Retype the material that follows exactly, limited to the lines from the one with "If your tie" through the one with "Another reason to", and keep out all pictures.

**DATA SECTION:**
*** Begin section ***
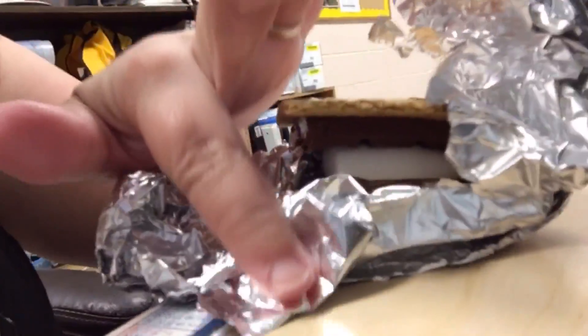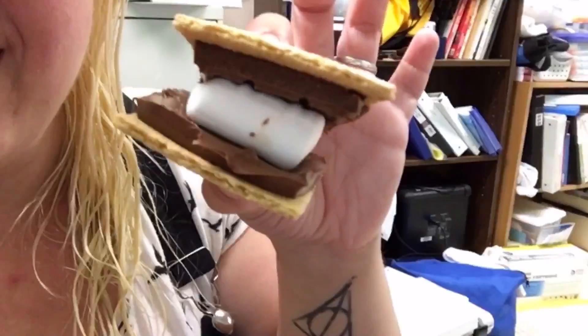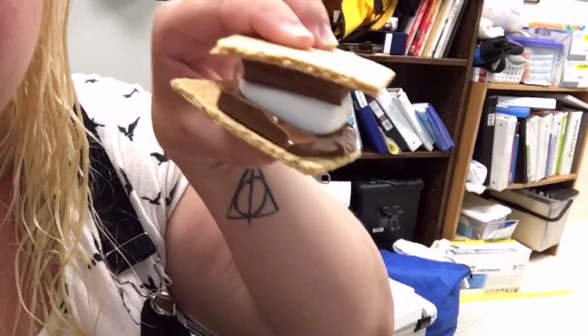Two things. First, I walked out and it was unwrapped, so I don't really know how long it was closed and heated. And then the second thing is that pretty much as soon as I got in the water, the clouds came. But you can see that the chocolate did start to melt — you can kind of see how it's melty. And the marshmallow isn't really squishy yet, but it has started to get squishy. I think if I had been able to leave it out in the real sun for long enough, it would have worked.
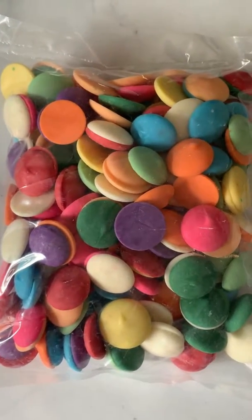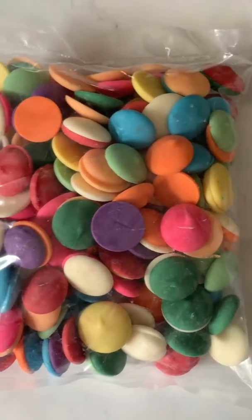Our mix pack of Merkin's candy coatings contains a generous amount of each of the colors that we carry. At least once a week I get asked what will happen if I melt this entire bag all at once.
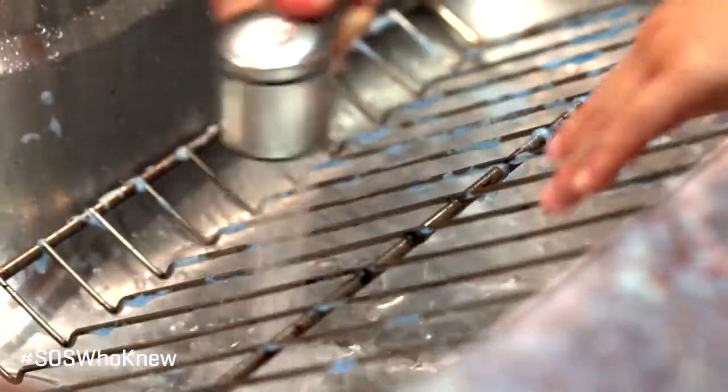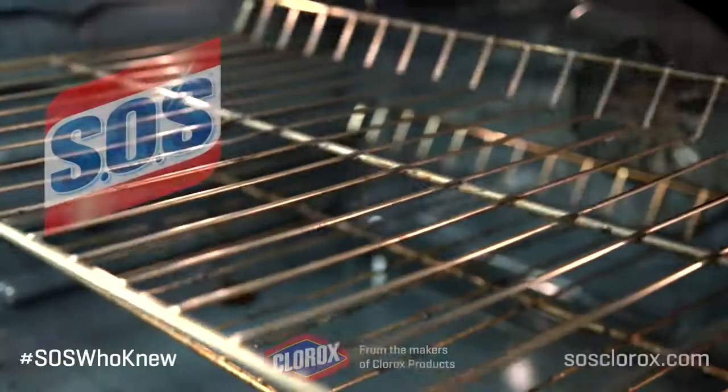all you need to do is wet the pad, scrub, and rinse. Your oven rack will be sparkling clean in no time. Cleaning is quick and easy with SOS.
*** End section ***
*** Begin section ***
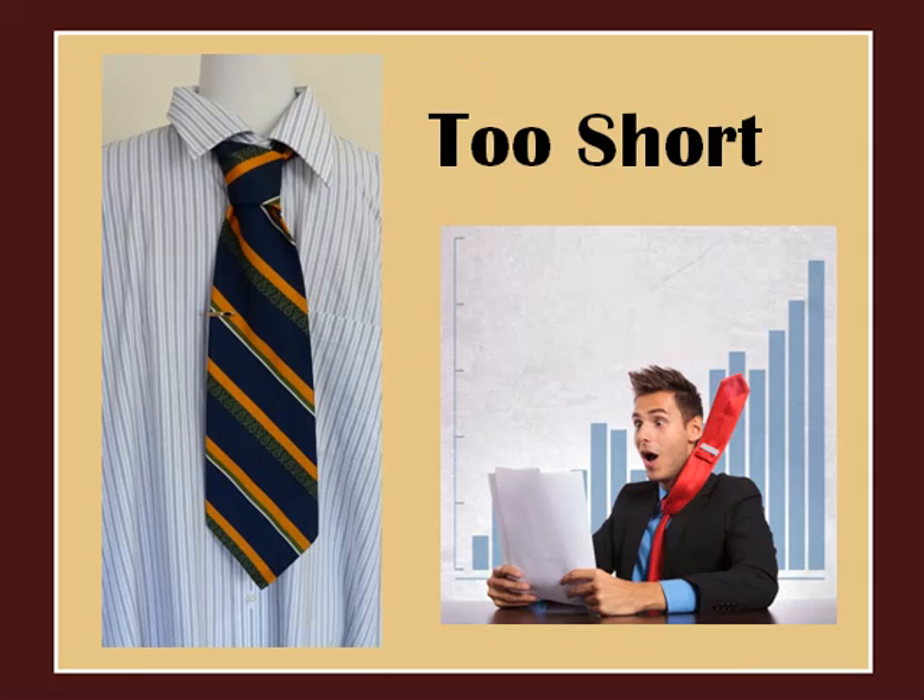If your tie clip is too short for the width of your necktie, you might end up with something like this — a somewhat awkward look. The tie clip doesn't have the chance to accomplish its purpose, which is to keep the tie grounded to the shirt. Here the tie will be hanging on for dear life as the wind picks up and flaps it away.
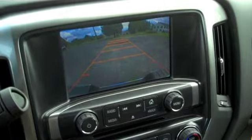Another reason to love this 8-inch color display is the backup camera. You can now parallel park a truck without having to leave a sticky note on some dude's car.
*** End section ***
**REPLY TO THE TASK:**
If your tie clip is too short for the width of your necktie, you might end up with something like this — a somewhat awkward look. The tie clip doesn't have the chance to accomplish its purpose, which is to keep the tie grounded to the shirt. Here the tie will be hanging on for dear life as the wind picks up and flaps it away.
Another reason to love this 8-inch color display is the backup camera. You can now parallel park a truck without having to leave a sticky note on some dude's car.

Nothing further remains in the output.